Como ele, o representante do Sindicato dos Procuradores da Fazenda Nacional (Sinprofaz), Hugo Mendes Plutarco, e o presidente do Fórum Nacional da Advocacia Pública, Allan Titonelli, defenderam a independência dos procuradores e advogados públicos.
Plutarco afirmou que, como prova da independência, as únicas decisões favoráveis à Vale no processo de execução saíram justamente depois que a procuradora Patrícia Lessa passou a assessorar o juiz. Já Titonelli disse que o papel do advogado público não é defender miopemente o governante de plantão ou qualquer posição estatal. Segundo ele, a lei lhes garante discricionariedade para se atuar até contra o Estado nos casos em que a ordem jurídica é ferida.
O juiz Antônio Henrique Corrêa da Silva, presidente da Associação dos Juízes Federais do Rio de Janeiro e Espírito Santo, afirmou que proibir que juízes requisitem advogados públicos ou que possam ter advogados privados como assessores, o que chegou a ser defendido, “é relegar essa função aos bacharéis que não logram êxito no Exame de Ordem” — ou seja, desqualificar a assessoria dos magistrados.
O presidente da Associação dos Magistrados Brasileiros, Nelson Calandra, disse que a independência funcional permite a isenção. “Não podemos pegar um livro de um conselheiro do CNJ, por exemplo, e dizer que ele não pode julgar um processo por conta de posições que ele defendeu como doutrinador”.
Influência nas decisões
O advogado Bruno Garcia Redondo, do Sindicato dos Advogados do Rio de Janeiro, disse que a entidade que representa é contra o assessoramento de advogados públicos ou provados. “O assessor influencia, sim, ainda que minimamente, as decisões do magistrado. Se há o risco de imparcialidade, deve haver o impedimento, até para resguardar a imagem das instituições”, afirmou.
Ronaldo Cramer, que representou a OAB do Rio, disse que a influência dos assessores em meio à montanha de processos é algo que se torna importante. “Os juízes decidem e elaboram seus votos, mas dependem de uma boa assessoria. E é inegável que o assessor tem influência sobre a formação do convencimento deles”, disse.

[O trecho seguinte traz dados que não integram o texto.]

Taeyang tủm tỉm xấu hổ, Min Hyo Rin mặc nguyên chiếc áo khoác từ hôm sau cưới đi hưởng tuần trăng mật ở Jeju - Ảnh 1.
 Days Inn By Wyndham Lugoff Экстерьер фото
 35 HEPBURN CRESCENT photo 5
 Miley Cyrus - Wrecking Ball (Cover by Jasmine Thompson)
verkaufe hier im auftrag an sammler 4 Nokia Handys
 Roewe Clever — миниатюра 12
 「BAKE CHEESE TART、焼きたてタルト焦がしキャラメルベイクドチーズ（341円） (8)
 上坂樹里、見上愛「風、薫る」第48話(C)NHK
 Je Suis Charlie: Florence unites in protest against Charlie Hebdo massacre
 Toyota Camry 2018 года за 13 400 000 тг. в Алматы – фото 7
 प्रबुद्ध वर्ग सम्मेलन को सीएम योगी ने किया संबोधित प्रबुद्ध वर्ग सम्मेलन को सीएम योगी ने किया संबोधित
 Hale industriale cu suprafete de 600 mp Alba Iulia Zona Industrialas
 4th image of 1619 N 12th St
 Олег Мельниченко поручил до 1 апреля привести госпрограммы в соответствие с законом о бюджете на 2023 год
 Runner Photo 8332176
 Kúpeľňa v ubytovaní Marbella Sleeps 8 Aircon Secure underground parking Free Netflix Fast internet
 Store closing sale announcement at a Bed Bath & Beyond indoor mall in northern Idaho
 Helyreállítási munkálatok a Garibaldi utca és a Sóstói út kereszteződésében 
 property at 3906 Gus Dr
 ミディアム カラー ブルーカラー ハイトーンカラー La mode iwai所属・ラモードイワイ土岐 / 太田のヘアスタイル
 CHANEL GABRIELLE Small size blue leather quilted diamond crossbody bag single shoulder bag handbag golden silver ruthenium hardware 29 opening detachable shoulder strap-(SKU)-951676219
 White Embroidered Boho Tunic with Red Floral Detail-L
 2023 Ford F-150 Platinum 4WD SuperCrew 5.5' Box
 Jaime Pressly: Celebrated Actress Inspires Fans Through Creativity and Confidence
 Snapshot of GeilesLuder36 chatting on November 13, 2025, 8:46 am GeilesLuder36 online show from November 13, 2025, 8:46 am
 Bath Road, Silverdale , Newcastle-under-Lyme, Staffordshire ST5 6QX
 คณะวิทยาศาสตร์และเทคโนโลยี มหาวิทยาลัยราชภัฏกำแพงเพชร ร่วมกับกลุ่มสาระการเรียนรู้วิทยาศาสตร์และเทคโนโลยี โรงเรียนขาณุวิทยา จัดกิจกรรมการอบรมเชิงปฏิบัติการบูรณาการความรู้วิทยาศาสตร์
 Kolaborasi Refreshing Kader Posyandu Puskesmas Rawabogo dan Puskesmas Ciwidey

De acordo com Cramer, não é possível determinar a participação do assessor no julgamento. E, em hipótese nenhuma, a OAB/RJ está colocando em xeque a imparcialidade do Judiciário. “Nossa preocupação é com a imagem. Por isso são necessárias regras para coibir as tentações”.
No processo, a OAB/RJ sustenta que a quebra da imparcialidade é clara. “Em tese, a situação seria semelhante, se possível fosse, a um advogado atuar como assessor de desembargador, mas manter-se como sócio de um escritório particular”, alegou o representante da entidade. O objetivo da Ordem é que o Conselho edite resolução para vedar a cessão de procuradores da Fazenda Nacional ao Tribunal Regional Federal da 2ª Região, “especialmente para exercer cargo em comissão em Turmas Especializadas com competência para processar e julgar matéria tributária”.
Para o conselheiro Bruno Dantas, que participou da audiência pública, a situação, especialmente a do caso concreto, levanta questionamentos. “Como a procuradora que fez sustentação oral peticionou e em seguida foi requisitada para o tribunal para assessorar o juiz que cuida dessa causa e subsidia a decisão do magistrado?”, questionou.
O conselheiro Jorge Hélio refutou a ideia de que o assessor não tem nenhuma influência sobre o juiz. “Qual seu papel, então? Tirar a caspa do paletó? O juiz é responsável pelo que assina, mas o assessor influencia, sim”, afirmou.
De acordo com informações dos participantes, há, hoje, 11 advogados públicos cedidos ao Supremo Tribunal Federal e sete ao Superior Tribunal de Justiça. Todos trabalhando em gabinetes de juízes. O relator do PCA, José Lúcio Munhoz, afirmou que liberará para seu voto para julgamento em agosto, para que o CNJ defina a questão.
Rodrigo Haidar é editor da revista Consultor Jurídico em Brasília.